To see the exact actions enabled for each role:

  1. Go to Settings → Permissions

  2. Select the relevant context

  3. Review the permission matrix

For Enterprise organizations with role customization enabled, these default roles can be used as a starting point and extended with additional custom roles. See Role customization (Enterprise) section

Role customization (Enterprise)

Role customization allows Enterprise organizations to create roles tailored to internal governance.

Create a role

  1. Go to Settings → Permissions

  2. Choose the section you want (Administrative, Content, RealityTwin, RealityPlan, 3D Data Viewer)

  3. Click Create role

  4. Name the role

  5. Select the permissions

  6. Save

Edit a role

  1. Go to Settings → Permissions

  2. Select the role

  3. Update the permission checkboxes

  4. Save

Tip

  • Start from a standard manager/editor/viewer pattern and make minimal changes.

  • Keeping roles simple makes them easier to troubleshoot.

Special rule: Access management

If a role includes Access management permission (ability to share content or invite collaborators), the platform requires that role to also include the underlying permissions for that context.

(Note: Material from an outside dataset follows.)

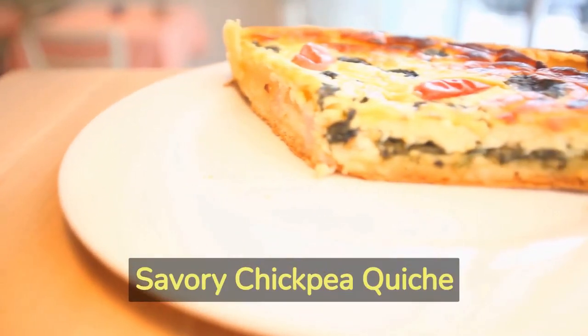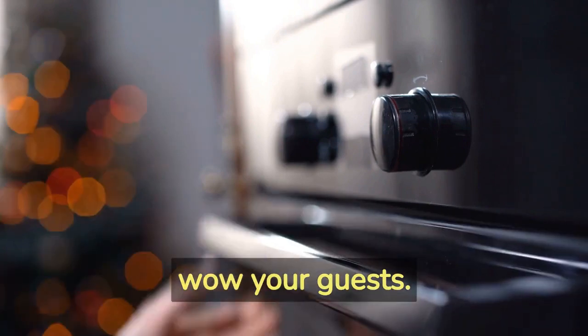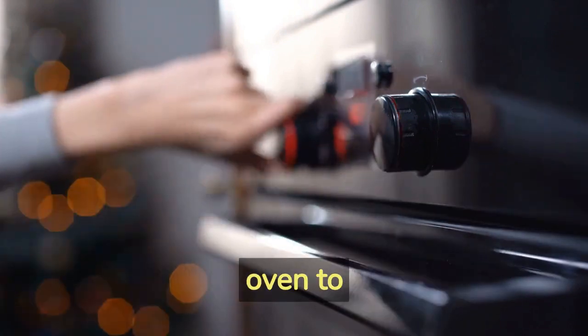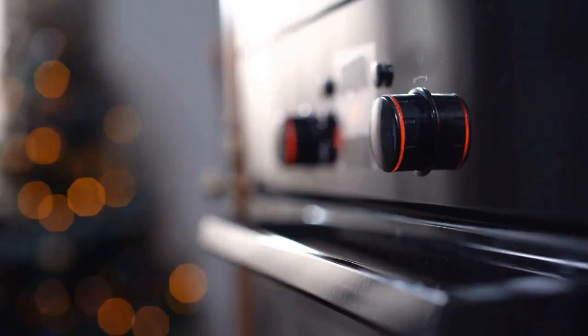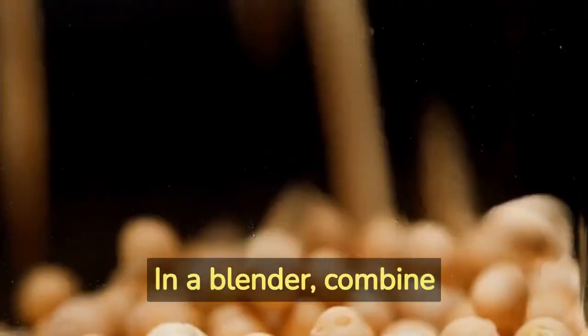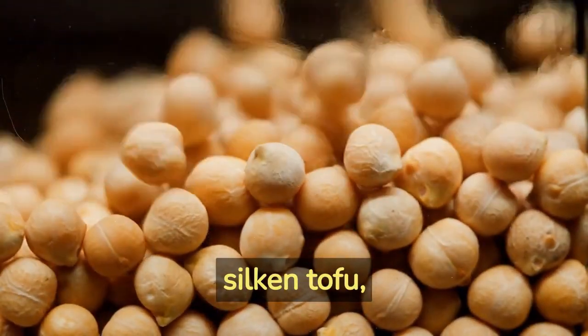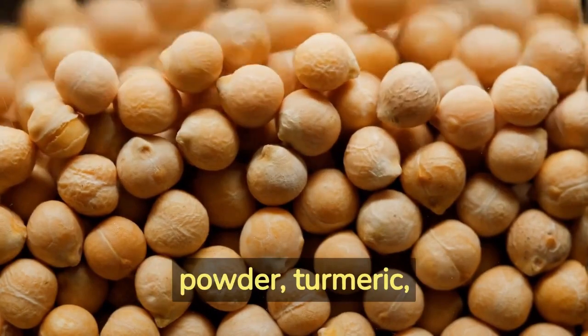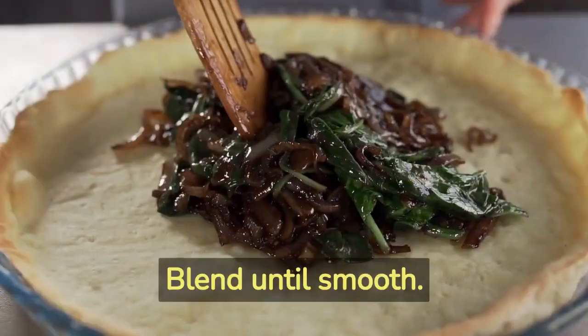Step Number 1 – Savory Chickpea Quiche. Let's start with a delectable savory chickpea quiche that will wow your guests. Begin by preheating your oven to 375 degrees Fahrenheit (190 degrees Celsius). In a blender, combine drained and rinsed chickpeas, silken tofu, nutritional yeast, garlic powder, turmeric, and a pinch of salt and pepper. Blend until smooth.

Reason: a user who can manage access could otherwise grant themselves a higher role.

Practical guidance: treat Access management as a high-trust capability, similar to a manager or owner level.

Deleting roles (fallback required)

If you delete a role that is assigned to users or groups, you must choose a fallback role. Users assigned to the deleted role will automatically be reassigned to the fallback.

After releases: new permissions default off for custom roles

When a new feature introduces a new permission:

  • Standard built-in roles may be updated automatically.

  • Custom roles do not automatically receive new permissions, new permissions are disabled by default until an admin enables them.

If users report that a new feature is missing, review the permission matrix and update the relevant roles.